Lim was appointed to the board on Oct 16, 2019 and was tasked to lead the technology business. He is also co-founder and managing director of Attilan Group Ltd, an alternative asset investment and management group.


In addition, Lim was co-founder and joint managing director of Singapore-listed Asiasons Capital Ltd, one of the companies whose shares were sold down in the penny stock saga in 2013. He held that position from 2014 to 2015.

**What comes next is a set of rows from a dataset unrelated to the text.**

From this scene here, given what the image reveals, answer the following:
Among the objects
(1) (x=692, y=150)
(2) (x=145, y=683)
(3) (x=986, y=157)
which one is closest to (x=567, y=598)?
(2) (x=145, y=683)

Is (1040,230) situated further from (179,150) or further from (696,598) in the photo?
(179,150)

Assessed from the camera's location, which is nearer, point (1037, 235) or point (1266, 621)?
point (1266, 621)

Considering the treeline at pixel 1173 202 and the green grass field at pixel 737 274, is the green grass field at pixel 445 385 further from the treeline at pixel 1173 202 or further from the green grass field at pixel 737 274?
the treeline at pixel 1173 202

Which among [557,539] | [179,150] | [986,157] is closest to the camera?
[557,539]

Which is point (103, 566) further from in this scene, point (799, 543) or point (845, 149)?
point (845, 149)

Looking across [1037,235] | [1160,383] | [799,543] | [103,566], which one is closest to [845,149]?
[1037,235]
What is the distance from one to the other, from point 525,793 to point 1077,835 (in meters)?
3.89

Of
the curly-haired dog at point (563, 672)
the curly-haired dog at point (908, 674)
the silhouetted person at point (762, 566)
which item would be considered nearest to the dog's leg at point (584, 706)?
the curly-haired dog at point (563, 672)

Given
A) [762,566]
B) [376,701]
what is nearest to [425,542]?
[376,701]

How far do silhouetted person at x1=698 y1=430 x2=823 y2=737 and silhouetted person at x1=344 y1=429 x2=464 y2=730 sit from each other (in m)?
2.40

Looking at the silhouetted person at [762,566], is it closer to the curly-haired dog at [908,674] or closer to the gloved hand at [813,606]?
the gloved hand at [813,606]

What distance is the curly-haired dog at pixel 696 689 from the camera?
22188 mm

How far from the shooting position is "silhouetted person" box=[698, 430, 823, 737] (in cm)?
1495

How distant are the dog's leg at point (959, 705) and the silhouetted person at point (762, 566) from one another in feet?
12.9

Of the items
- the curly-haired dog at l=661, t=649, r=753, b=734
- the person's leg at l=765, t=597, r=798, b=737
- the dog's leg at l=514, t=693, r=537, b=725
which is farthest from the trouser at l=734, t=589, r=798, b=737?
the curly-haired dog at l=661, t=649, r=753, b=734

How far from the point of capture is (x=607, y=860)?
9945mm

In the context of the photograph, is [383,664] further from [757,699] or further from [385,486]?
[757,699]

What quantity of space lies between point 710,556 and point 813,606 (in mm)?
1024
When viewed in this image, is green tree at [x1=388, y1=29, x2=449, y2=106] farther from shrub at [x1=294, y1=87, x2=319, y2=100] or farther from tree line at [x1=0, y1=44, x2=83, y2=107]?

With Sino Hua-An’s technology venture, Lim does not rule out the possibility of the company selling its loss-making metallurgical coke business in Shandong. “We have told our shareholders that we intend to solve the problem before year-end. We don’t have visibility on how it will make a profit in this climate. We will have a solution this year,” he says.

The segment has been battered by the weak steel industry and Chinese economy and further exacerbated by the US-China trade war and Covid-19 pandemic.

On the food and beverage segment, Lim notes that the company has begun the transformation of Teh Tarik Place into a technology-driven F&B operation. It will invest up to RM30 million to expand Teh Tarik Place in Malaysia and Asia-Pacific.

Last September, Sino Hua-An issued redeemable convertible notes with an aggregate principal amount of up to RM150 million. In April this year, it proposed the issuance of new shares to settle its total debt of RM5.6 million, as well as a private placement to raise total gross proceeds of RM8.52 million. As at end-March, it had cash and cash equivalents of RM10.34 million and RM2.36 million in short-term bank loans.


Sino Hua-An executive chairman Tunku Naquiyuddin Ibni Tuanku Ja’afar is the largest shareholder of the company, with direct and indirect stakes of 1.08% and 27.13% respectively.

Its share price closed 0.5 sen, or 4.5%, higher at 11.5 sen last Friday, giving the company a market capitalisation of RM138.27 million. Year to date, the stock has fallen 11.5%.